Hmmmm two totally different decks. P99 4-way active with all tuning function built in. F#1 head is a transport. Very hard to compare the two. Add the f#1 processor then we can talk.


----------



## Jarsha (Jan 2, 2010)

Yeah im looking at either the p99 or F1 with h990 processor.


----------



## kyheng (Jan 31, 2007)

A ~$8k system vs ~$2k... That's a good comparison.


----------



## rc10mike (Mar 27, 2008)

Get the P99RS, spend the $$$ you saved on install.


----------



## kyheng (Jan 31, 2007)

X2, get a P99, get decent amps, speakers will sound better.


----------



## psycle_1 (Aug 4, 2005)

Had the DVI-9990 and H990, sold them and got the P01 (japanese P99)... Haven't looked back since. To my ears, the P01 sounds more precise. The F#1 setup sounded warmer. This may or may not work in your setup, depends on the drivers used in your system. Also gained some depth after swapping to the P01, using the exact same tuning.

Also, keep in mind that Alpine barely has any technical support for the F#1 anymore. If it needs to be worked on, I'd say they'd have to send it to Japan, which can cost a pretty penny.

Save your money, go with the P99.


----------



## IBcivic (Jan 6, 2009)

the cda-7990 can be a little fussy with certain cd's. i'd vote for the p99 too. 
although i still have a soft spot for the 7990.


----------



## kyheng (Jan 31, 2007)

US the support I'm not that sure, but Singapore there's wtill support for F#1 units. Both also using the same series of TI's Aureus DSP. So I will consider P99 as F#1 - PCM1704.


----------



## Jarsha (Jan 2, 2010)

Currently i'm on p99 but have the option to try out the f1 and see how it will sound. However , based on the feedback, it seems that the p99 is a better choice. Once I try out the f1 I'll update again.


----------



## mmiller (Mar 7, 2008)

psycle_1 said:


> Had the DVI-9990 and H990, sold them and got the P01 (japanese P99)... Haven't looked back since. To my ears, the P01 sounds more precise. The F#1 setup sounded warmer. This may or may not work in your setup, depends on the drivers used in your system. Also gained some depth after swapping to the P01, using the exact same tuning.
> 
> Also, keep in mind that Alpine barely has any technical support for the F#1 anymore. If it needs to be worked on, I'd say they'd have to send it to Japan, which can cost a pretty penny.
> 
> Save your money, go with the P99.


were you been hing mang??


----------



## pika_ (Feb 18, 2007)

i would get the p99 and save the rest for installation / speakers.
The only advantage that i see on pxi 990 is that you have separated boxes, transport in the front with external DC adapter, fiber optical to the trunk (no noise) and the processor near the amps with short rca cables. Another advantage is that you can plug a pc to pxi to tune the car. it works ok,it's a little buggy software but it's really a nice feature and easy to work with.
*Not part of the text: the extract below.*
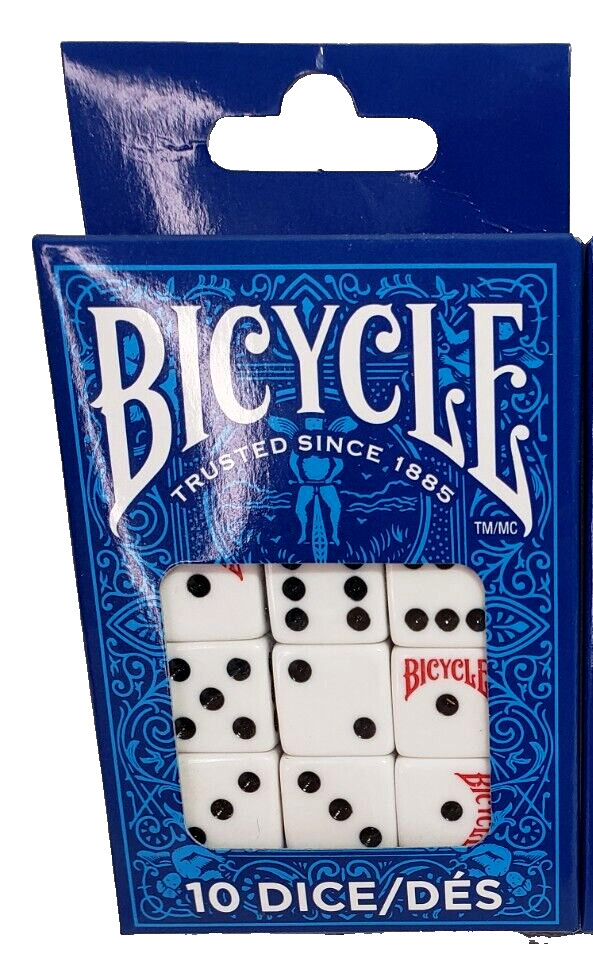 Bicycle 10 Dice Set White Black Pips Replacement Game Dice New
P99 is a one box solution. Have all the features that F1 have plus USB and Ipod support. Also it doesn't use Ipod DAC, it will just get the data from ipod and use the internal dac of p99 which for me is a great feature. I'll give you an example, in my setup (w202 + pxa) i've compared the same song in ipod and in a cd. ipod sounded like trash.. 

Also P99 is easy to tune in the radio itself if compared with F1 (which for me is a completely nightmare).

Cheers


----------



## psycle_1 (Aug 4, 2005)

mmiller said:


> were you been hing mang??


Whatup mang! I don't post much around these parts, I'm more of a lurker. :laugh:


----------